Ordered list of discriminative words for experiment 1.
| # | Score | Word | Count |
| 1 | 7.066 | CCSGSC | 3 |
| 2 | 6.930 | CCSRKC | 2 |
| 3 | 6.419 | CRSGKC | 4 |
| 4 | 5.451 | CCRSCN | 2 |
| 5 | 5.354 | GRSGKC | 1 |
| 6 | 5.215 | CSRKCN | 2 |
| 7 | 5.142 | GRGSRC | 1 |
| 8 | 4.979 | CSGRGS | 1 |
| 9 | 4.812 | CCTGSC | 4 |
| 10 | 4.789 | SYNCCR | 2 |
List of 10 most discriminative words for positive training sequences of experiment 1 according to SCOP superfamily 7.3.5 using word length K = 6. Words are sorted according to their word score. The first and second column correspond to rank and score of a word, respectively. The third column contains the word as amino acid sequence in IUPAC one-letter code. In the fourth column, the number of occurrences of a particular word in the positive training sequences are shown.

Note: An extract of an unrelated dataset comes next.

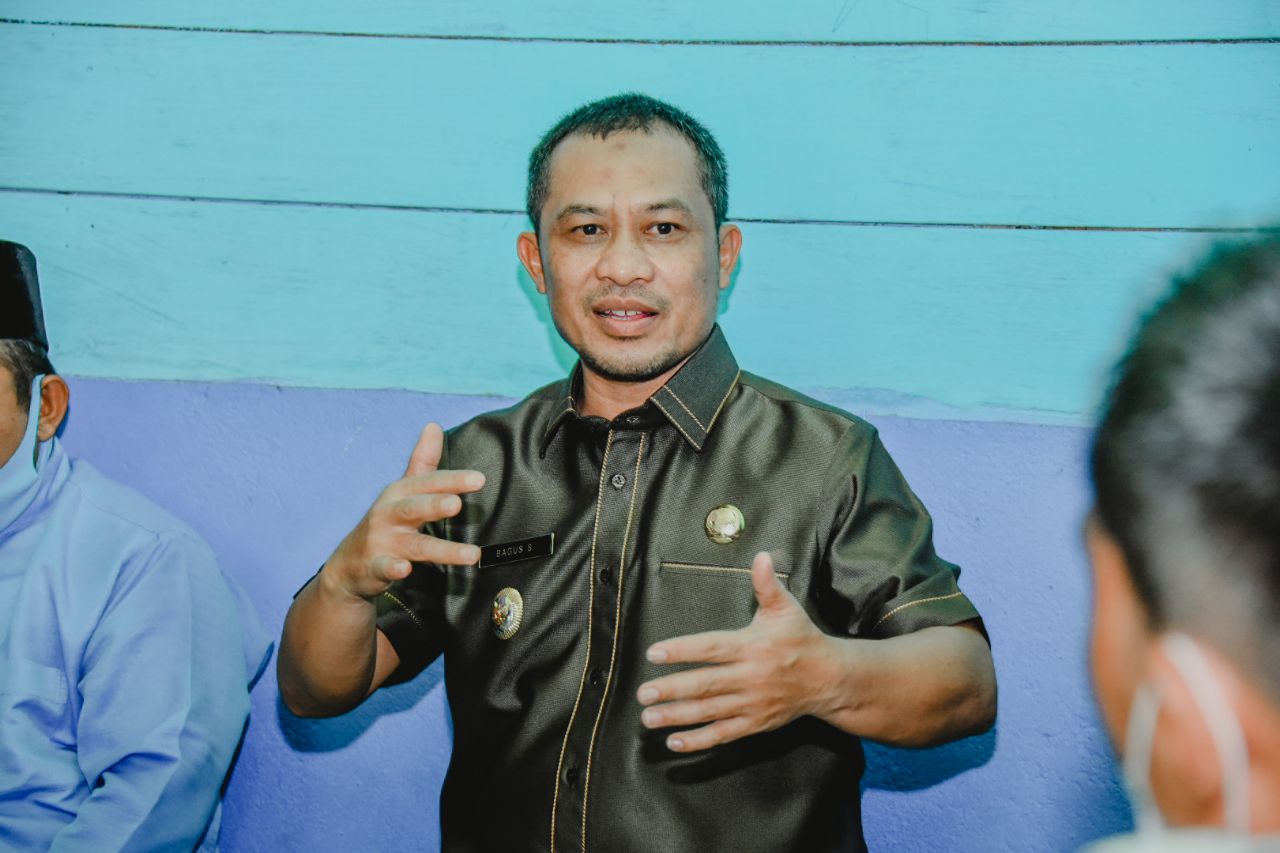 Detail Tanaman Cakar Elang Nomer 37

Ordered list of discriminative features.
| # | Family 1.27.1.1 | Family 1.27.1.2 | Family 1.36.1.2 | Family 1.36.1.5 |
| 1 | Leu@5, Leu@5 | Leu@6, Leu@6 | Thr@1, Val@5 | Ala@1, Lys@5 |
| 2 | Leu@6, Leu@6 | Leu@5, Leu@5 | Thr@2, Val@6 | Ala@2, Lys@6 |
| 3 | Leu@1, Leu@1 | Leu@1, Leu@1 | Val@1, Ser@2 | asp@2, asp@2 |
| 4 | Leu@2, Leu@2 | Leu@2, Leu@2 | Val@2, Ser@3 | asp@3, asp@3 |
| 5 | Leu@4, Leu@4 | Leu@4, Leu@4 | Val@5, Ser@6 | asp@1, asp@1 |
| 6 | Leu@3, Leu@3 | Leu@3, Leu@3 | Val@4, Ser@5 | asp@4, asp@4 |
| 7 | Leu@1, Leu@5 | Leu@1, Leu@5 | Val@3, Ser@4 | asp@6, asp@6 |
| 8 | Leu@2, Leu@6 | Leu@2, Leu@6 | Val@2, Thr@6 | asp@5, asp@5 |
| 9 | Glu@6, Glu@6 | Glu@1, Glu@1 | Val@1, Thr@5 | Ala@1, Leu@2 |
| 10 | gly@1, gly@1 | Glu@2, Glu@2 | Ser@1, Thr@4 | Ala@2, Leu@3 |
List of 10 most discriminative features for four superfamilies associated with the SCOP class "All alpha proteins". Features are sorted in descending order according to their absolute discriminative weight (not shown). The first column corresponds to the rank of a feature and the succeeding columns contains the description of the feature in the word correlation feature space in terms of a pair of amino acids (in IUPAC three-letter code) at particular word positions. Features that are associated with negative discriminative weights are printed with lowercase first letters.
Figure 3Comparison of ROC and ROC50 performance for Spectrum method and WCM method. The figure shows the mean ROC and ROC50 performance over 54 experiments for the Spectrum method and the word correlation method (WCM) using word length K = 1, .., 6.